You may be ignoring the news to curb stress and anxiety, but you do so at your own peril. A new study from the University of Pittsburgh (Pitt) and University of Pittsburgh School of Medicine (UPMC) reveals a similar situation in muscle cells of the heart.

Bernhard Kühn, M.D., professor of pediatrics and director of the Pediatric Institute for Heart Regeneration and Therapeutics at the University of Pittsburgh School of Medicine and UPMC Children’s Hospital of Pittsburgh [UPMC]

Nuclear pore complexes form nanometer scale doorways into the inner sanctum of the cell and are essential for the transport of biomolecules. The new study conducted on mice shows, as heart muscle cells mature, the number of nuclear pores decrease substantially. This reduces the import of proteins into the nucleus which in turn reduces adverse remodeling in response to stress and improves heart function. Stressors such as high blood pressure modify genetic pathways in heart muscle cells that lead to structural remodeling, which is a major cause of heart failure. Unfortunately, this ingenious protective strategy backfires when it comes to regeneration.

Senior author of the study Bernhard Kühn, MD, professor of pediatrics, director of the Pediatric Institute for Heart Regeneration and Therapeutics at UPMC, and a member of the McGowan Institute for Regenerative Medicine, said, “We were surprised at the magnitude of the protective effect of having fewer nuclear pores in mice with high blood pressure. However, having fewer communication pathways also limits beneficial signals such as those that promote regeneration.”

Nuclear Pores
Electron microscopy images of fetal (left) and infant (right) rodent heart cell nuclei. As heart cells develop, the number of nuclear pores decreases [Han et al., 2022, Developmental Cell]

The scientists demonstrate that while closing doors to damaging signals from the environment might protect heart muscles from stress-induced damage, it could also prevent adult heart cells from renewing by blocking signals that promote regeneration.

Yang Liu, PhD, associate professor of medicine and bioengineering at the University of Pittsburgh [UPMC]

Cells in skin, bones, and other human tissues retain the ability to divide and repair themselves after injury, even into old age. But heart muscle cells don’t divide once they attain adulthood. Kühn collaborated with Pitt scientists, Yang Liu, PhD, associate professor of medicine and bioengineering, and Donna Stolz, PhD, associate professor of cell biology and pathology and associate director of the Center for Biologic Imaging, to analyze nuclear pores in his quest to understand why adult heart cells fail to regenerate.

“The nuclear envelope is an impermeable layer that protects the nucleus like asphalt on a highway,” said Kühn. “Like manholes in this asphalt, nuclear pores are pathways that allow information to get through the barrier and into the nucleus.”

Donna Stolz, PhD, associate professor of cell biology and pathology and associate director of the Center for Biologic Imaging at the University of Pittsburgh

Super-resolution microscopy enabled Liu to count the number of nuclear pores in fetal and adult mouse heart cells. She found the number of pores decreased by 63% across development.
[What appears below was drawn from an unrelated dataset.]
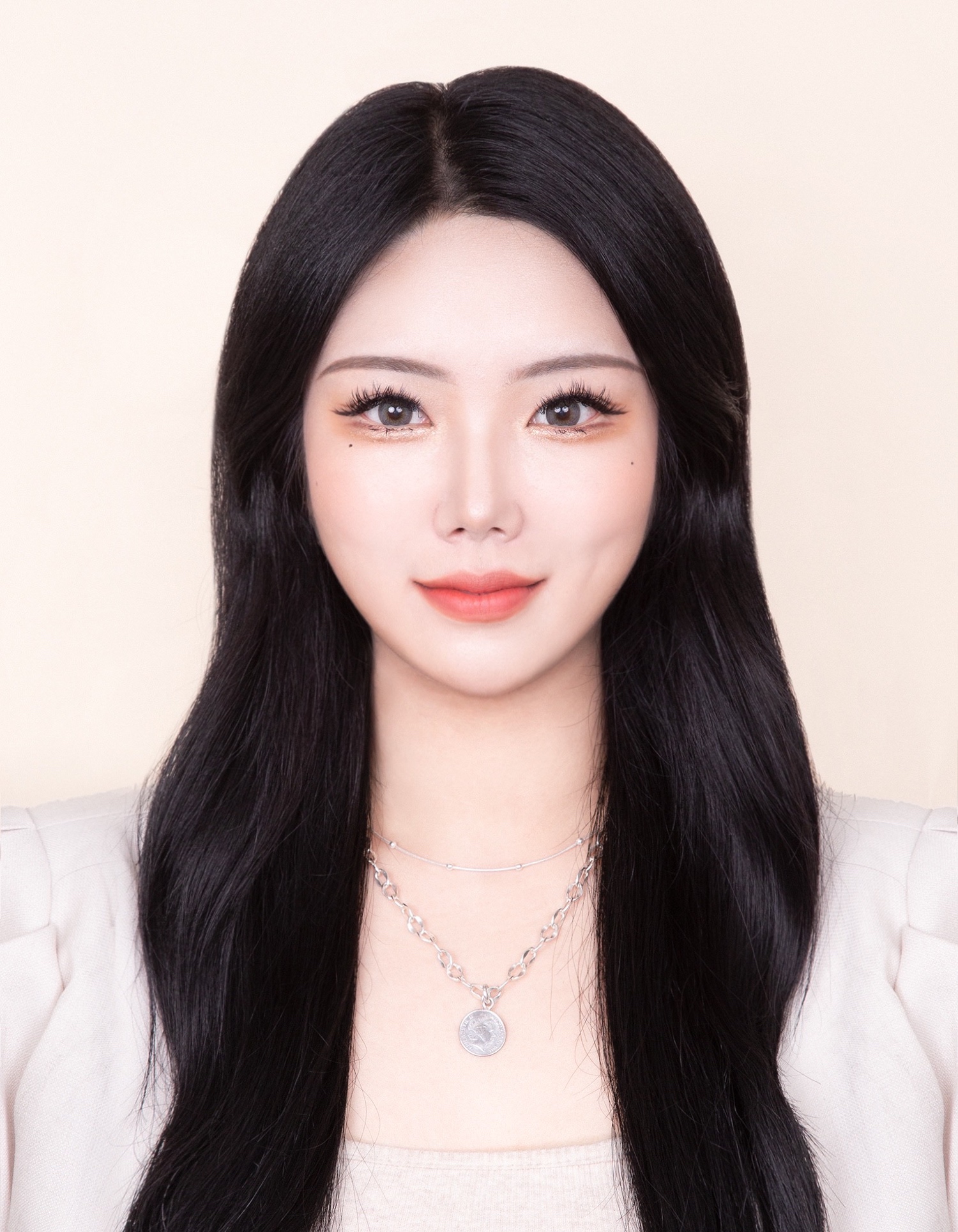제스트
Stolz used electron microscopy to validate that nuclear pore density decreased across heart cell development.

Earlier work by Kühn’s team had shown Lamin b2, a gene highly expressed in newborn mice and crucial for the regeneration of heart muscle cells, declines with age. In the new study, the team shows, suppressing Lamin b2 in mice decreased the number of nuclear pores. Transport of signaling proteins to the nucleus and gene expression diminished in these mice, indicating reduced communication with age may drive a decrease of regenerative capacity in heart muscle cells.

“These findings demonstrate that the number of nuclear pores controls information flux into the nucleus,” explained Kühn. “As heart cells mature and the nuclear pores decrease, less information is getting to the nucleus.”
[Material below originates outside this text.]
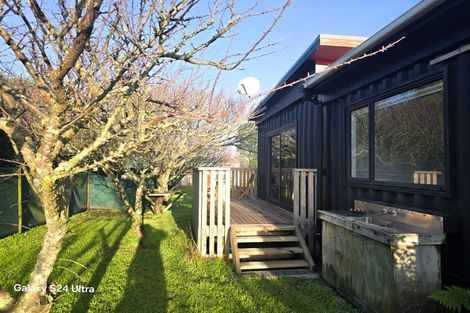 Photo of property in 564a Pukehina Parade, Pukehina, Te Puke, 3189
The investigators also observed, a mouse model of high blood pressure engineered to express fewer nuclear pores showed decreased modulation of genetic pathways involved in harmful heart muscle remodeling. These mice had better heart function and longer lifespans than control mice.

“This paper provides an explanation for why adult hearts do not regenerate themselves, but newborn mice and human hearts do,” said Kühn. “These findings are an important advance in fundamental understanding of how the heart develops with age and how it has evolved to cope with stress.”

A limitation of the study is posed by the lack of a technique to quantify ploidy—the number of sets of chromosomes in a cell—and the number of nuclear pores in the same nuclei. Kühn’s earlier study had shown suppressing Lamin b2 expression increases the formation of polyploid nuclei. Whether polyploidy affects the number of nuclear pores remains to be discovered.